Short descriptive text snippets:

◇ ◇ ◇

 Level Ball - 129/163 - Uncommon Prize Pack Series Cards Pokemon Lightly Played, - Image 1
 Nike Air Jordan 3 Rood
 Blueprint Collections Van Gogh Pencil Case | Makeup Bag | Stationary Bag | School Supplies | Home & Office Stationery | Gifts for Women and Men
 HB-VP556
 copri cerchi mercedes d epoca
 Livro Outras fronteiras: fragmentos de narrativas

◇ ◇ ◇

- WHAT IS EXPECTED: Copy every line of the records, leaving nothing out.

- ANSWER:
 Level Ball - 129/163 - Uncommon Prize Pack Series Cards Pokemon Lightly Played, - Image 1
 Nike Air Jordan 3 Rood
 Blueprint Collections Van Gogh Pencil Case | Makeup Bag | Stationary Bag | School Supplies | Home & Office Stationery | Gifts for Women and Men
 HB-VP556
 copri cerchi mercedes d epoca
 Livro Outras fronteiras: fragmentos de narrativas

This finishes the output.